▶ Aim of the exercise
Leaving out every picture, copy the lines of the material below exactly, from the line containing "Grunge green handle" through the line containing "12543 N Readers".

▶ Available data
....................

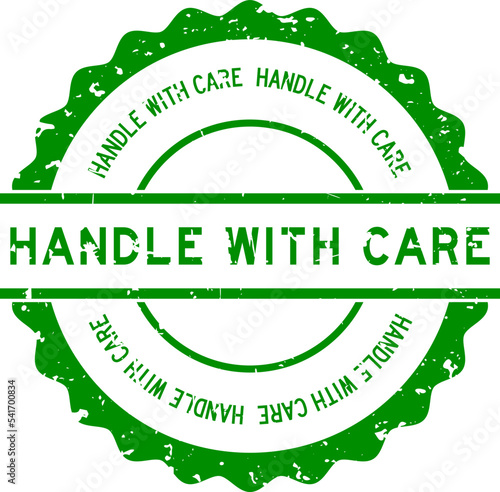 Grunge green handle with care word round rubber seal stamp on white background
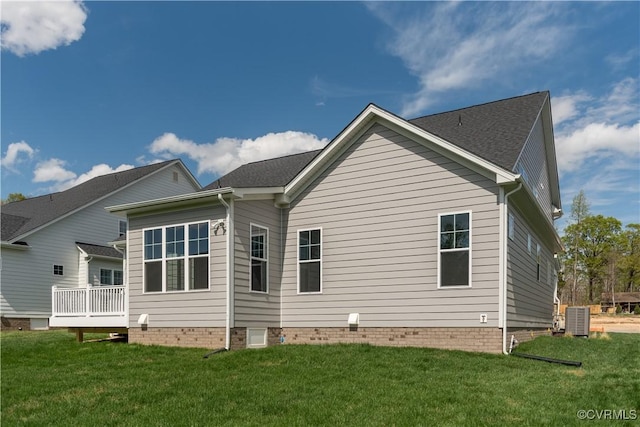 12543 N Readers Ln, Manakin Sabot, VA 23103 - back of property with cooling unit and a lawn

....................

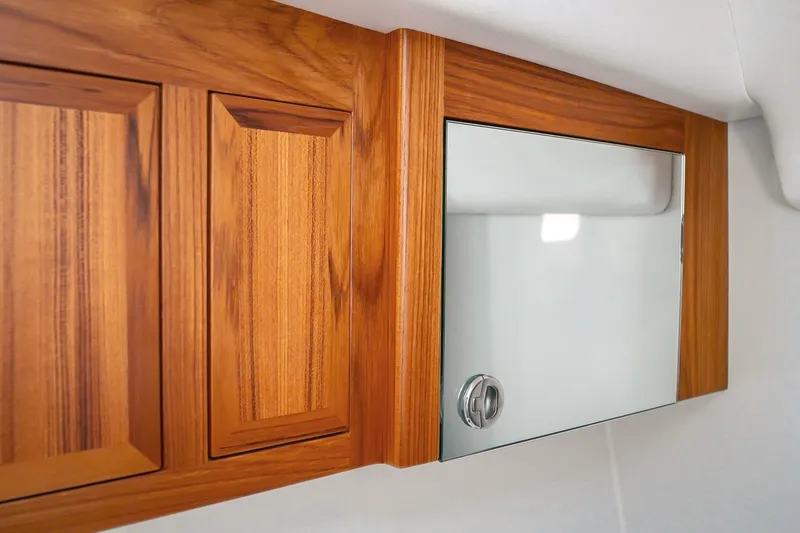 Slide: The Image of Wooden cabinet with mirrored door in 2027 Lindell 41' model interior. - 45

....................

▶ Solution to this task
 Grunge green handle with care word round rubber seal stamp on white background
 12543 N Readers Ln, Manakin Sabot, VA 23103 - back of property with cooling unit and a lawn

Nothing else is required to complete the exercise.